Marketing is a combination of elements that creates the environment in which it is possible to meet a customer need (starting right back at product development). Promotion and sales are just sub-sets of marketing. -
Marketing is a conversation, but most people don’t speak geek.
Successful technology marketing must translate the creations of the uncommunicative into the needs of the untechnical. Spin is not good marketing. Lucid two-way communication is. -
Simplicity does not negate complexity.
Reductive marketing that simplifies ideas does not undersell your complex creation. It facilitates an entree to your world. You can’t have passionate users until they start using.
Truer words have never been spoken. The rest of the top-ten list is here.
Nice list. This is important information for true geeks actually. I think sometimes the tech heads see all marketing as “spin”.
Guy – thank you. That’s why I am taking marketing and communications to where it should go, the conversation. If you and any of your guests are so inclined, I have been tackling the conversation at conversationagent.com.
Geek Marketing 101
Spotted via Guy Kawasaki’s blog, this Top 10 list of Geek Marketing hits the spot. I like #6 which has
1. True. Marketing is not a department; however, Peter F. Drucker was wrong in one respect. Marketing should be approached as the only function of business under which everything from accounting to innovation to manufacturing supports.
2. False. For the same reason that designers are not communicators, marketers are not conversationalists. Marketing is not a conversation. Marketing develops the environment in which communication between and with stakeholders occurs. Unfortunately, people don’t like to admit they lost the control they never had, and so many people will steadfastly refuse this proposition.
4. Don’t think of what a product does or how a product works. Think of the value the customer derives from use of the product. Think of the problems that customers solve through use of the product. That’s why convergent devices are often dismal failures. They don’t solve anybody’s problems!
The author John Dodds also wrote two articles called “The Branding Myth” and “Passive Branding” in which he lambasts branding as some sort of fancy. His presentation is neither persuasive nor indicative of expertise. He apparently thinks branding is deeply involved with advertising. How wrong he is…
“False. For the same reason that designers are not communicators, marketers are not conversationalists.”
I do not agree, marketing is vast, and some parts of it are certainly based upon conversations. Then of course it depends on how broad or narrow you define a conversation.
“I do not agree, marketing is vast, and some parts of it are certainly based upon conversations.”
While marketing involves communication–after cultivating an environment in which messages between stakeholders can be effectively transacted–communication is neither marketing nor the focus of marketing.

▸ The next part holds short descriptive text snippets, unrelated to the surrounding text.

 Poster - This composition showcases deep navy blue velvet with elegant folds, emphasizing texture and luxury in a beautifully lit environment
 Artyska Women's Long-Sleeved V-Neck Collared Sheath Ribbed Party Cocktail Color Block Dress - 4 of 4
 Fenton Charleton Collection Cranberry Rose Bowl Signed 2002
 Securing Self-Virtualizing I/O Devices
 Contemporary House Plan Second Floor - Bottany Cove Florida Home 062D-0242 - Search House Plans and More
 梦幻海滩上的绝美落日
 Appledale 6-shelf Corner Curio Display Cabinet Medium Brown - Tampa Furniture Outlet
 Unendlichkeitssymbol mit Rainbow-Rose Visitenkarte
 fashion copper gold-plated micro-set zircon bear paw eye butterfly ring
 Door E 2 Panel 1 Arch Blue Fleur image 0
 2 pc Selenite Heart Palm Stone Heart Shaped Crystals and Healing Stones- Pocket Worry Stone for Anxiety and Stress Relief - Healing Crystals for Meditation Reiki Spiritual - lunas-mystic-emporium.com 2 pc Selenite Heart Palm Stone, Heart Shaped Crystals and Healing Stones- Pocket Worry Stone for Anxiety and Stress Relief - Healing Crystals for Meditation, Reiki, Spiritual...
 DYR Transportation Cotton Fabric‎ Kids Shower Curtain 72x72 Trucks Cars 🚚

Marketing traditionalists like to think they have some sort of control over the conversation. Whether this attitude is due to boardroom influences or delusions of grandeur, the reality is that marketers are simply another voice in the marketplace with no more control over the exchange of messages than any other stakeholder.
The message is not magical. The magic happens in the exchange of messages–in the interaction between people. It is the role of the marketer to facilitate that exchange and provide for that interaction.
Marketing or anything else will always be about communication…one thing I heard my whole life that still rings true is that “conversation rules the nation!”
Without conversating/communicating in an effective manner how can anything possibly get done?
The pedantry of definition is something to be avoided (there’s enough clouding jargon used in marketing circles without us descending into the morass of deconstructivism) but I wll always stick to my belief that marketing is all about conversations, be they internal or external, real or imagined. Moreover, I would argue that in “facilitating the exchanges” one is directing the conversation by dictating its starting point. And rightly so.
That said, I fully agree with Morgan’s point that one can’t and shouldn’t try to control the conversation. Indeed, I’m surprised by his interpretation of my branding pieces.
The central tenet of my passive branding thought-piece was that true brand values have nothing to do with active advertising but are imbued within the creation of the product/service and everything that surrounds its delivery.
My whole problem with “branding” and its bastard child “rebranding” is that it is all too often an advertising-led “paint-job”. The sort of hype that gets marketing a bad name.
Geek Marketing 101
Awesome read if you want to understand marketing. Must read of Geeks.
Daniel et all, one of the roots for the word communication is commercium (Lat.) or exchange between people. The meaning of communication is the response it elicits, not the intention. And it involves a certain degree of permission.
Conversation is a space where relationships are managed. These relationships may be sudden and invisible to many — relationships between people, problems, solutions, processes, objects, and all of these and many more together. When attention and authenticity accompany the message we shorten the distance in these relationships as we create something new.
My definition of new marketplace is = conversation. Where content producers/creators and audiences/publics come together for the exchange of value, intrinsic or monetary. Marketers should be conversationalists and, yes Morgan, being facilitators means also being skilled at helping people make connections, which is how our consciouness expands. Connections and connectivity is essentially what we are.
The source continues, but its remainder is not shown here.